PR     If you would be kind enough to tell me when and where you were born?

AL     I was born in Lodz, Poland on July 2, 1935. Lived with my mother and father and my sister, a sort of typical middle class life. Remember, the most pleasant time that I remember Sunday afternoon with my father going for ice cream, and balloons, and enjoying things that children enjoy. That was the way, we lived in a very nice apartment, a large building. My father had his own a business that he, lumber business which his family was in. My mother was a house wife. She even had help for my sister and I. Typical people as we would think of middle class American.

PR     And you took vacations. And there's one lovely photo of you and Lila, your sister, at the beach.

AL     We did, we have a couple of pictures that were saved. That was in the countryside. My parents always teased me: I was a dare devil. There was big German Shepard there in the country and I had no fear. I would go into the dog house with German Shepard. It was good times. I was not afraid. Maybe it made me a better person for that in the long run that I was not afraid.

PR     And then comes the first of September 1939 when the Germans, unannounced, attack Poland. And Lodz, located in western Poland, is quickly over-run. The Germans arrive in Lodz on the 7th of September. Your father flees to Russia, believing that they won't harm the women and children. I wonder if you can recall those impressions of the early days of the Nazi occupation?

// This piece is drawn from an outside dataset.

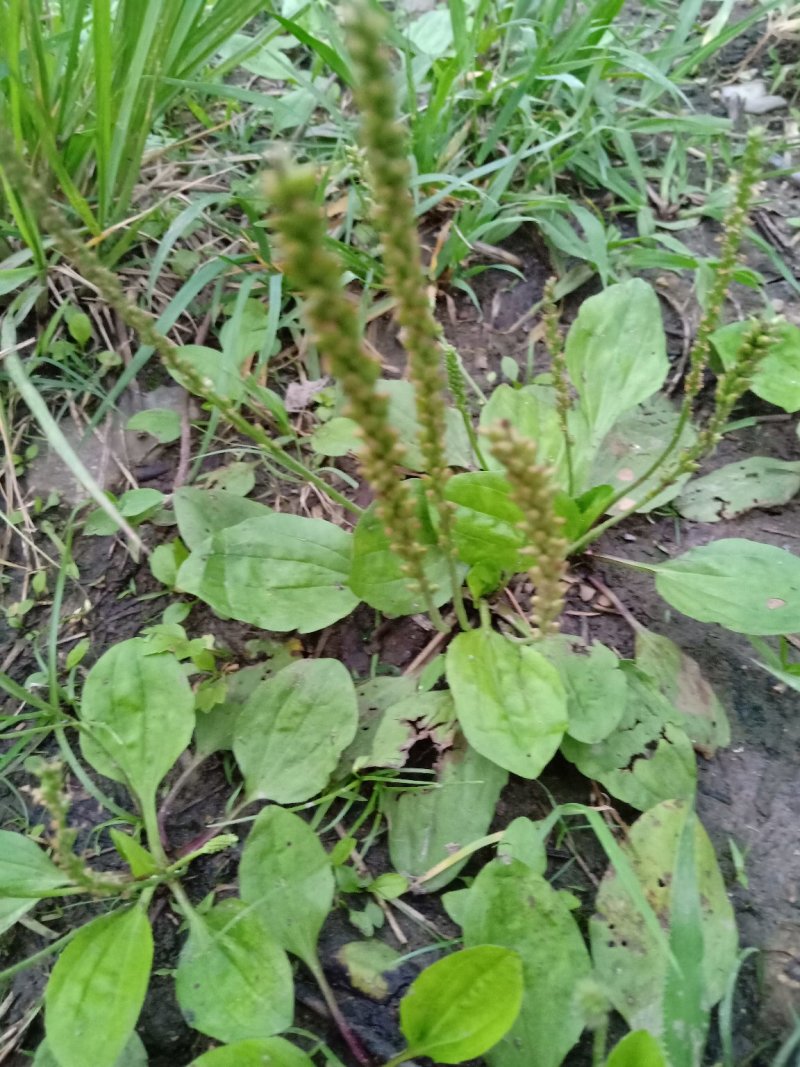 车前草，野生，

AL     My first memories of that the beginning of war is when everybody in house that was there was very upset crying and looking out the window. Out of curiosity I did too there was large reform orthodox temple across the street. And everybody was upset because the Germans were taking out all the prayer shawls and prayer books and putting them in a heap in front of synagogue and finally torched it. This is how I remember the beginning of the war.

PR     Your mother dictated a memoir and in it she says that the Germans handed out cookies and candy to the non-Jewish population who stood and watched as the synagogue burned.

AL     Well, that was for their propaganda. To show people that everything was all right for them. It was a happy time for them. It was a hard time for the Jewish population.

PR     And do you remember that first day when you were ordered to wear a armband with the Star of David?

AL     Well, my mother was sitting there having to sew the star on and we were actually wearing it on front and back. So we if went outside you were forced to wear. So who ever saw you in street would know you were Jews. My sister in stroller had to have Star of David. Star of David yellow Jude Jew in middle. So no matter if you were two and a half or you were eighty you had to wear it if you were outside.

PR     And this was the first time that you recognized that you were Jewish?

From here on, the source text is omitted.